Through improved communication module development, the addition of modules in required, integrated courses in all departments, and new course development and implementation, Utah State University will graduate students with significantly better skills in communication and the disposition toward strong ethical values. An additional important outcome will be the development of a graduate program in the College of Humanities so that it becomes a national leader in preparing the next generation of communication and writing teachers who are qualified to work in technical and scientific communities.

“The Hewlett grant will mean that in addition to engineering students learning about communication and ethics throughout their curriculum, graduate students in the humanities (in philosophy, the University writing program, and communication) will have the opportunity to learn about engineering. This is a sizable development for M.A. and Ph.D. students in the humanities. As society’s problems and ways of relating become increasingly influenced by technology, opportunities to explore the role of the humanities in a specific and highly technical social setting are invaluable. The University of Utah’s College of Humanities, with this grant, has the opportunity to become a leader in preparing future faculty.

Ann Darling
Associate Professor and Department Chair
Department of Communication
University of Utah

“This grant will let us transform all of our students’ education by giving them solid, extensive training in communication and ethics, important aspects of their education that they will rely on continually as the future leaders of our society. We believe strongly that the decisions made by engineers strongly affect the course of humanity and the fate of our environment. It is our responsibility to educate them appropriately. This grant will let us do so.”

Robert B. Roemer, Ph.D.
Associate Dean for Research, College of Engineering
Professor, Dept. of Mechanical Engineering
University of Utah
50 S Central Campus Dr.
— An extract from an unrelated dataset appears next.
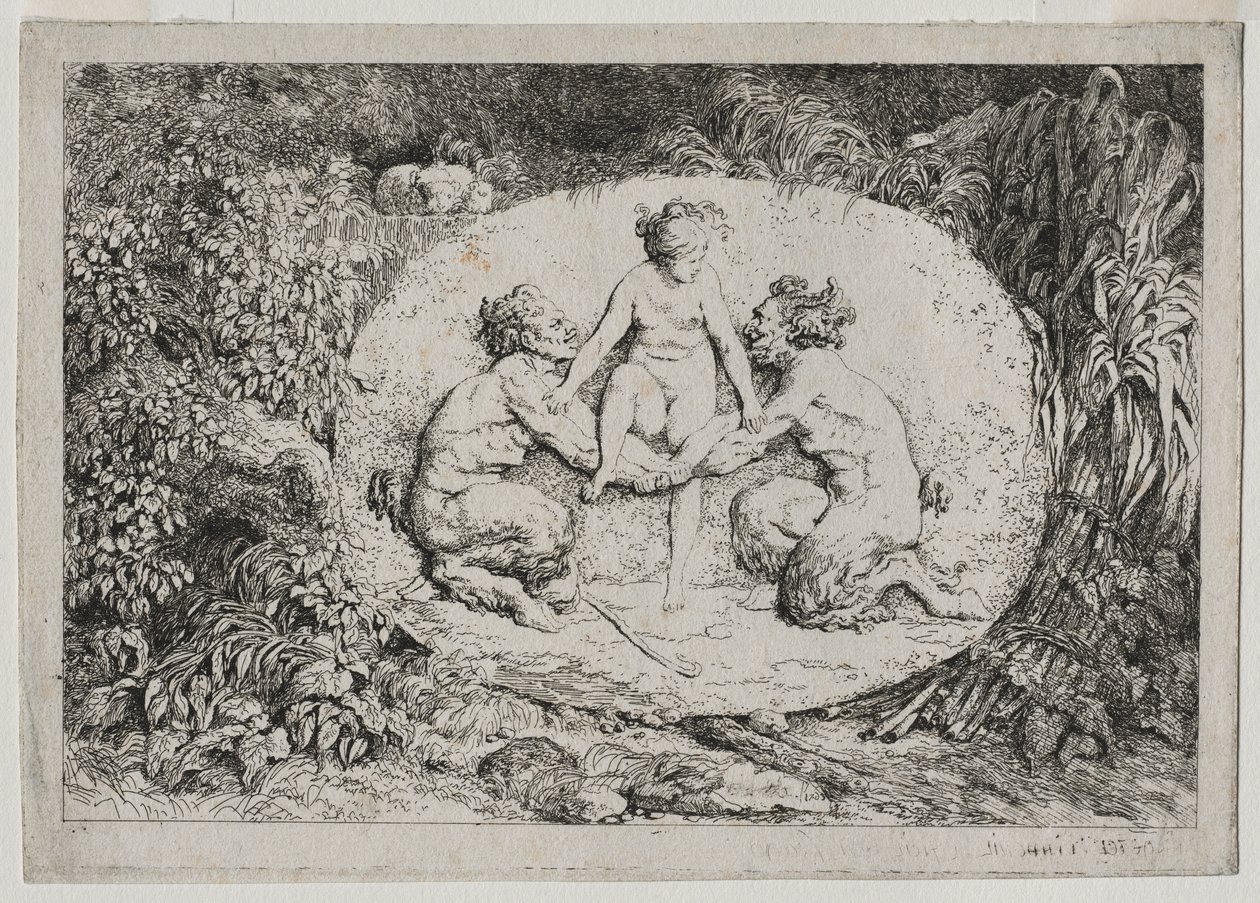 Bacchanalien: Nymphe von zwei Satyrn gestützt von Jean Honore Fragonard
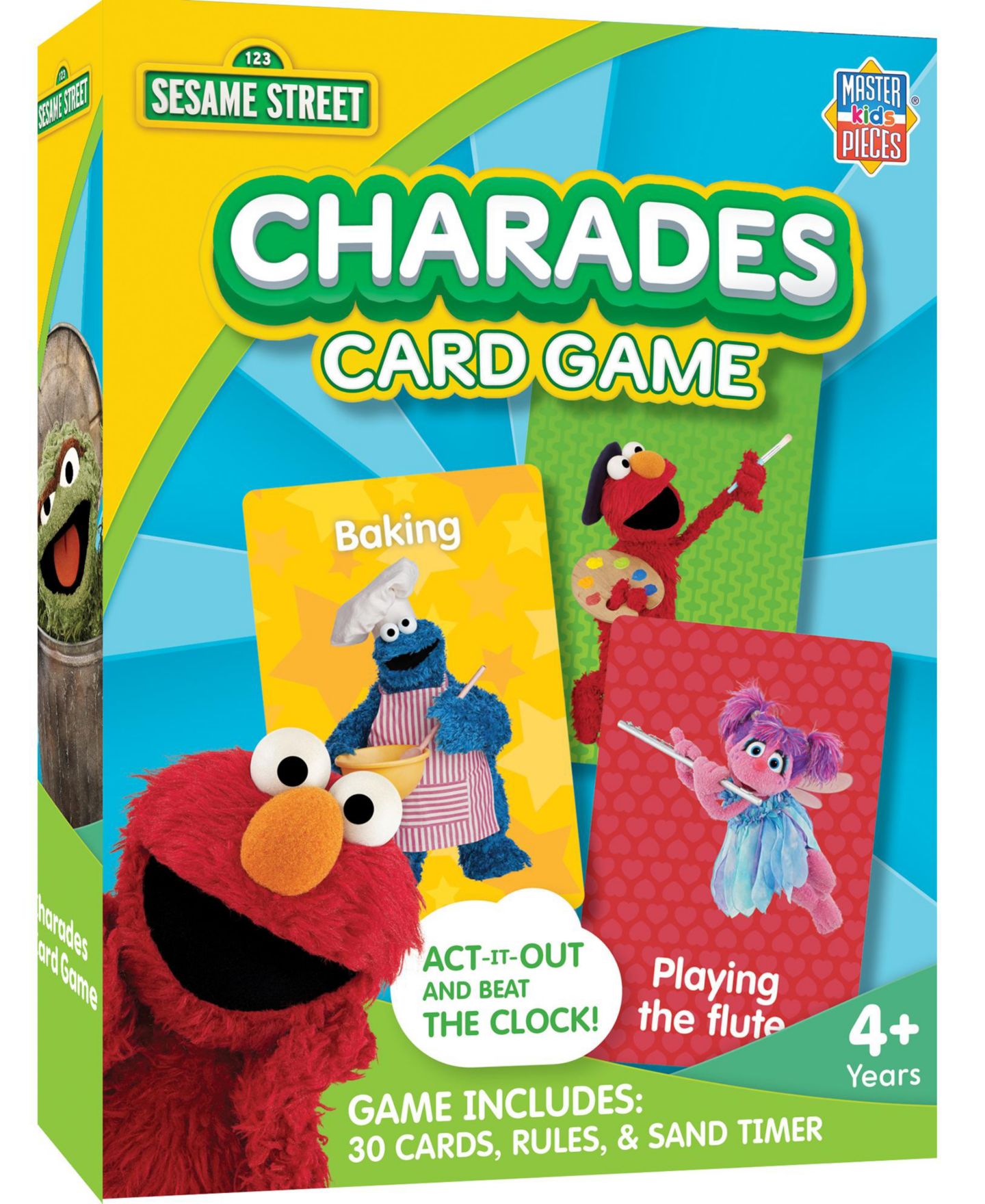 Детская карточная игра MasterPieces Puzzles Sesame Street Charades Party Card Game, 30-Card, Ages 4+, цвет: Разноцветный — фото 1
Rm. 2202
Salt Lake City, UT  84112-9208
(801) 585-5631
Fax:  (801) 585-9826

University of Wyoming
Award amount: $1,150,000 (five years)
Project title: Center for Excellence in Engineering Education: Recruiting, Retaining, and Educating “The Best in the West”

Through the development and delivery of engineering and technology instructional modules for K-12 science and mathematics curricula, thereby providing school children in Wyoming (and the nation) with hands-on exposure to the science, mathematics, and culture of engineering; and by redefining and restructuring the freshman- and sophomore-level science, math, engineering, and computational curricula of the College of Engineering and the Wyoming Community Colleges to provide an efficient, dynamic foundation for captivating and educating our students with the most current topics and technology, the University of Wyoming will significantly increase the recruitment, retention, and quality of engineering students.

“The Hewlett Initiative provides us with a host of opportunities to improve the quality of our undergraduate engineering programs. The breadth of these efforts, from contact with middle school students to reformulating the modes we utilize for delivering engineering science coursework, is supported by the Hewlett commitment to promoting interinstitutional cooperation and sharing. Big things will come from this initiative!”